MillerKnoll Inc (MLKN)
Receivables turnover
May 31, 2025 | May 31, 2024 | Jun 3, 2023 | May 31, 2023 | May 31, 2022 | ||
---|---|---|---|---|---|---|
Revenue | US$ in thousands | 3,669,900 | 3,628,400 | 8,100,200 | 4,087,100 | 3,946,000 |
Receivables | US$ in thousands | — | 330,500 | 363,500 | 363,500 | 380,900 |
Receivables turnover | — | 10.98 | 22.28 | 11.24 | 10.36 |
May 31, 2025 calculation
Receivables turnover = Revenue ÷ Receivables
= $3,669,900K ÷ $—K
= —
The receivables turnover ratio for MillerKnoll Inc. demonstrates variability over the observed periods, reflecting changes in the company's efficiency in collecting accounts receivable.

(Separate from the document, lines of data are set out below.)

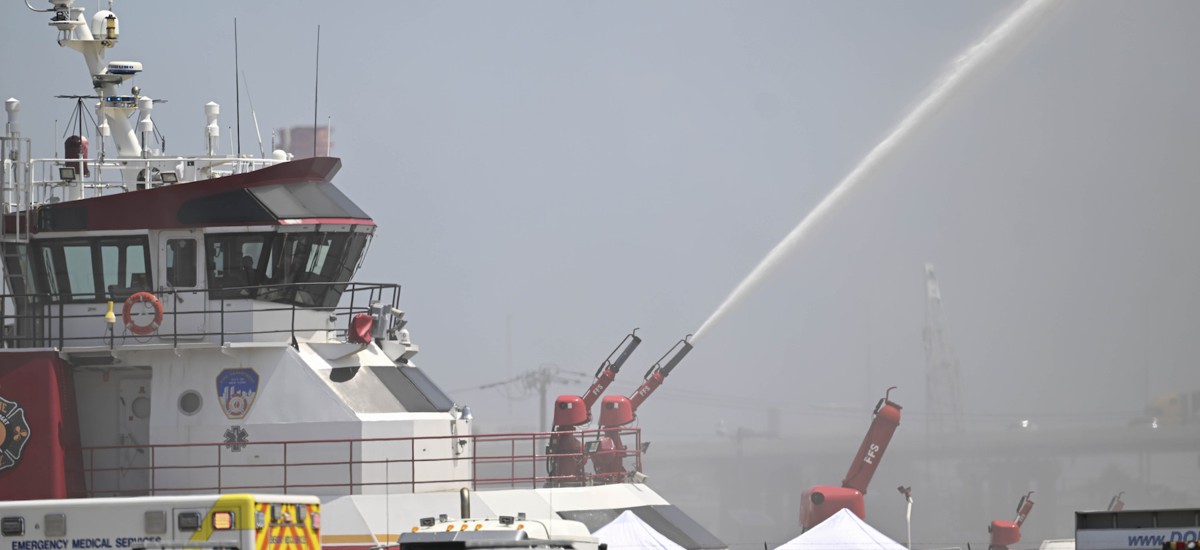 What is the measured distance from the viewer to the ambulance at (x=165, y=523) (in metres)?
19.8

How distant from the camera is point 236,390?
84.6ft

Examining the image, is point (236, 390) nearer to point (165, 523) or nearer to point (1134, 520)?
point (165, 523)

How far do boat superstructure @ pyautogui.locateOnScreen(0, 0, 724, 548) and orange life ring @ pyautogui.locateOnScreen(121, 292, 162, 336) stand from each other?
0.02m

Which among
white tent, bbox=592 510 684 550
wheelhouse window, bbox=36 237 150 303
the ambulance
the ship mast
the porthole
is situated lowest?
white tent, bbox=592 510 684 550

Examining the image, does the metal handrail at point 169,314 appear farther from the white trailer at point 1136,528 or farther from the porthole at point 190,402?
the white trailer at point 1136,528

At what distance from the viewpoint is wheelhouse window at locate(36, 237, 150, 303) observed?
26.7 m

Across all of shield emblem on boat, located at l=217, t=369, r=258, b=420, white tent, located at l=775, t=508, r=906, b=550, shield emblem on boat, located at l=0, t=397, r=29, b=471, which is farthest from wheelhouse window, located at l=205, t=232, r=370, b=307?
white tent, located at l=775, t=508, r=906, b=550

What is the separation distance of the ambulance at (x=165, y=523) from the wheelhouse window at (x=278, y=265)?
621 cm

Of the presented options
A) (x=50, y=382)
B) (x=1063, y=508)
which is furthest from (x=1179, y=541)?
(x=1063, y=508)

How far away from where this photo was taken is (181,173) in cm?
2886

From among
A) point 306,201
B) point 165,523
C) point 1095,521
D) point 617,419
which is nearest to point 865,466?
point 617,419

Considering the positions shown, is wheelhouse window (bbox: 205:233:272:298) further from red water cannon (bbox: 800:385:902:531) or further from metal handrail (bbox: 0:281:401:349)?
red water cannon (bbox: 800:385:902:531)

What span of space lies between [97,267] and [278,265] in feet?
9.04

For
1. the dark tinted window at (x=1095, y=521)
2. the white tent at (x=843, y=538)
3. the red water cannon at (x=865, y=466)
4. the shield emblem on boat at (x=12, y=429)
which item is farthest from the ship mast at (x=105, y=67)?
the red water cannon at (x=865, y=466)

As of May 31, 2022, the ratio was 10.36, indicating that accounts receivable were collected approximately 10.36 times during the fiscal year. This suggests a relatively efficient collection process typical for the period and industry standards.
By May 31, 2023, the ratio increased to 11.24, implying an improvement in receivables management and collection efficiency. The increase suggests that MillerKnoll Inc. was able to turn over its receivables more quickly, potentially reducing the average collection period and lowering the risk of overdue accounts.

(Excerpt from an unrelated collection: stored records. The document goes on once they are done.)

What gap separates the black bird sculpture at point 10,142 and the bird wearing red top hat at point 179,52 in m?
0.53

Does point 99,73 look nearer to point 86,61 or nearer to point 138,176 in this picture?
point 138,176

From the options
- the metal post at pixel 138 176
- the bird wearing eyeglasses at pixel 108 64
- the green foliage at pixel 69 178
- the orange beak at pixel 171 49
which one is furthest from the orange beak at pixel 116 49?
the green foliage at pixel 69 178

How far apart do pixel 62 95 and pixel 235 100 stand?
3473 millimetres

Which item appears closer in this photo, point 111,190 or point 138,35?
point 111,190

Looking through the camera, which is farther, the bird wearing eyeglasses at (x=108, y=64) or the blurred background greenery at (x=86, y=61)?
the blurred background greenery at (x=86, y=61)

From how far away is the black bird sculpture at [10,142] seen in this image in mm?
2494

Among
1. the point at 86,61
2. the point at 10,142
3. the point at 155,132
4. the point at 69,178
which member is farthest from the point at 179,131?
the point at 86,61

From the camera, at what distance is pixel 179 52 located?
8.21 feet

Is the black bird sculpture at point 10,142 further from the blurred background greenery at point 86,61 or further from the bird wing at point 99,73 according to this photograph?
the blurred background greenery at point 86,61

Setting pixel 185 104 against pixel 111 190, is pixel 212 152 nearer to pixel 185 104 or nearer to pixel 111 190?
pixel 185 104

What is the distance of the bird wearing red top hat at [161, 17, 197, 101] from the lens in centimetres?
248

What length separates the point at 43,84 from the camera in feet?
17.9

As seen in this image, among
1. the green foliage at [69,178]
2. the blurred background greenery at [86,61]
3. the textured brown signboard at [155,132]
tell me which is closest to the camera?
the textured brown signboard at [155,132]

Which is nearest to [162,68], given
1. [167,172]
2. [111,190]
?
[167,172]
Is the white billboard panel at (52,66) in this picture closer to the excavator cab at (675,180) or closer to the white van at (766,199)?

Subsequently, on June 3, 2023, the ratio surged to 22.28. This substantial jump indicates a significant enhancement in receivables collection efficiency within this short period, which may result from improved credit policies, stronger collection efforts, or changes in the customer base requiring faster payments.

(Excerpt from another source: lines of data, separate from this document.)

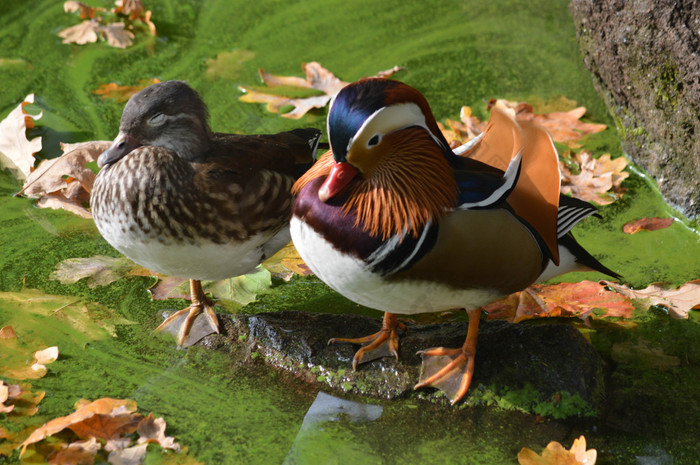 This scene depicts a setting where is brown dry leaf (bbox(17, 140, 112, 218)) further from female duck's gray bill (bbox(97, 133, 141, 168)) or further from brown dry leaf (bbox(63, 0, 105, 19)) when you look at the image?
brown dry leaf (bbox(63, 0, 105, 19))

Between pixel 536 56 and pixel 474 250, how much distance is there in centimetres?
271

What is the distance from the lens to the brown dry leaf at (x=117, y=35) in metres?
4.66

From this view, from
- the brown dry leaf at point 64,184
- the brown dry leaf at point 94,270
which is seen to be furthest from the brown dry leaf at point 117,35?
the brown dry leaf at point 94,270

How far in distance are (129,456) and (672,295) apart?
212 centimetres

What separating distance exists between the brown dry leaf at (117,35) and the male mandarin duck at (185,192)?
2.26m

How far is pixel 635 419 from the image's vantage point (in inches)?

For May 31, 2024, the receivables turnover ratio was recorded at 10.98, which, although slightly lower than the previous high, remains comparable to the 2022 figure. This suggests that the company's collection efficiency was maintained at a relatively stable level following the peak in early June 2023.
No data is available beyond May 31, 2024, with the latest entry being marked as unavailable or not reported.
Overall, the trend indicates periods of improved receivables collection efficiency, culminating in a notable peak in mid-2023, followed by a stabilization at levels comparable to earlier periods. This pattern may reflect strategic changes or market conditions that influenced the company's credit and collection policies.